Industry super funds have caught up with retail funds in terms of assets, so superannuation is now split one-third industry, retail and SMSF. However more consolidation of larger funds is required, according to KPMG.
“Industry funds have caught up with retail funds over the past decade, and now there is an even split between the two at the top end of Australia’s super system,” said KPMG, with the release of the KPMG Super Insights Dashboard and Report.
“But while large funds are getting larger, there are still too many smaller ones which need to be consolidated.”
The report finds that between 2004 and 2016 the market share of retail super funds fell from 43% to 29%.
“It is now virtually one third retail, one third industry/public sector and one-third SMSF.”
“Industry funds are no longer the challenger – they are now the incumbents,” said Paul Howes, KPMG Head of Wealth Advisory.
“Judged by both AUM [Assets Under Management] and the number of accounts held by funds they are the equals of the retail funds, whose cash flows are relatively weaker and whose lead in number of members is falling,” he said.

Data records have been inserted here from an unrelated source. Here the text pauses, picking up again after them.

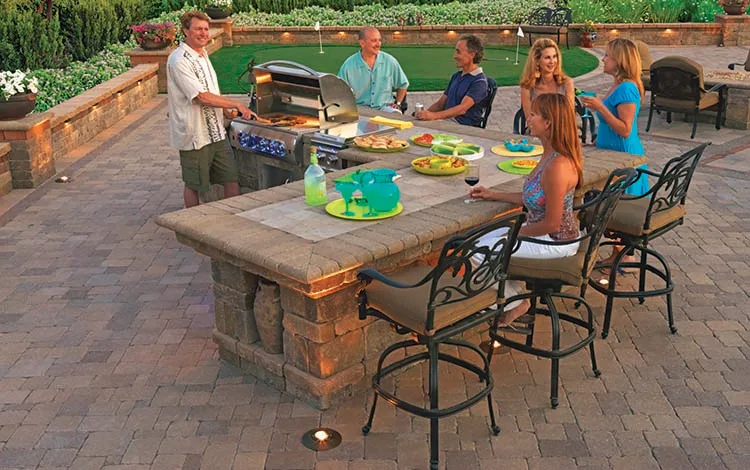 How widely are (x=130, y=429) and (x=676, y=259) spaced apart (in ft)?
15.3

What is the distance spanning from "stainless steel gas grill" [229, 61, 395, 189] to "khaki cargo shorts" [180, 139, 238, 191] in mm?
327

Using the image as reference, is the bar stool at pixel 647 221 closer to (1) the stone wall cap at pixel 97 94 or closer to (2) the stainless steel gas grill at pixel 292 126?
(2) the stainless steel gas grill at pixel 292 126

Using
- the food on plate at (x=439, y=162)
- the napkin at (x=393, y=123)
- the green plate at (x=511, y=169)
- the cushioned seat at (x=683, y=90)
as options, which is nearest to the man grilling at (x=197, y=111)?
the napkin at (x=393, y=123)

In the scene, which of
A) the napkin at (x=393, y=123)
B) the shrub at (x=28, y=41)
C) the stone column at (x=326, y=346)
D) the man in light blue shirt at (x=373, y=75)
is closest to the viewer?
the stone column at (x=326, y=346)

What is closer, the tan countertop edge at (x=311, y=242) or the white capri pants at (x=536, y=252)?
the tan countertop edge at (x=311, y=242)

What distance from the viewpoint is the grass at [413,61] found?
16.3 meters

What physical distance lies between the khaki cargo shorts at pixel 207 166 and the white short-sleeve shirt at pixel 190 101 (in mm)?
77

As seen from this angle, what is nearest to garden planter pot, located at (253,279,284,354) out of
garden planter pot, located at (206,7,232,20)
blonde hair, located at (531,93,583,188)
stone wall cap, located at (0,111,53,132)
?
blonde hair, located at (531,93,583,188)

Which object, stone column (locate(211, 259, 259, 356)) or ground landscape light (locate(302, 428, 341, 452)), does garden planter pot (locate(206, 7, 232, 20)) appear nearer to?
stone column (locate(211, 259, 259, 356))

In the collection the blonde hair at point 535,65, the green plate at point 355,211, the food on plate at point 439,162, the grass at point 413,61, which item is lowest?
the grass at point 413,61

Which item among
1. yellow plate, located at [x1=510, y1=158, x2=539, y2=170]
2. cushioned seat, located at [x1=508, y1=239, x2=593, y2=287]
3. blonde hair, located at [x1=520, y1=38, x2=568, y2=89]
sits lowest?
cushioned seat, located at [x1=508, y1=239, x2=593, y2=287]

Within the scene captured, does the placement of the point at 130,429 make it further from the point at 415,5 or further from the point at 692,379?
the point at 415,5

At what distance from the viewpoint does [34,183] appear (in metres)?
9.39

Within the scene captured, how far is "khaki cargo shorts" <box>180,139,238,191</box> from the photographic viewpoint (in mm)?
7430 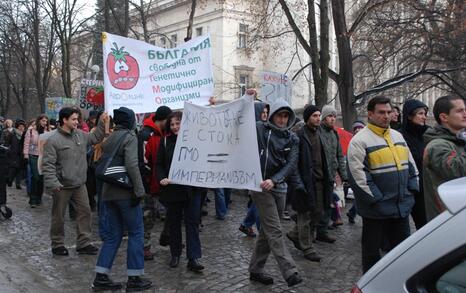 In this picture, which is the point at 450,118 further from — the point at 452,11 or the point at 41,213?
the point at 452,11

“At a macro level, the sector is effectively reshaping from its traditional divide between retail, industry and corporate funds to a converging grouping based on the level of AUM and complexity of operating model and offerings.”
KPMG says it found that larger funds have captured a bigger percentage of the total net inflows, while retail and SMSFs experience “high payment demands from members”.
Additionally a “significant segment of the market” had zero net flow – low contributions and rollovers offsetting minimal pension and lump sum payments.
“The large funds, in the main, continue to grow,” said Mr Howes. “They are supported by a big member base, strong Superannuation Guarantee (SG) inflows and outflows still racking at the lower end of the range, due to concerns about longevity of funds in retirement.”
KPMG says while the superannuation industry has had success so far, it now needs to switch attention to post-retirement outcomes.
“The industry has done a good job in the first 25 years of compulsory super in the accumulation phase of superannuation – but it has not yet worked out its approach to an environment where more members become income recipient rather than fund contributors,” Howes said.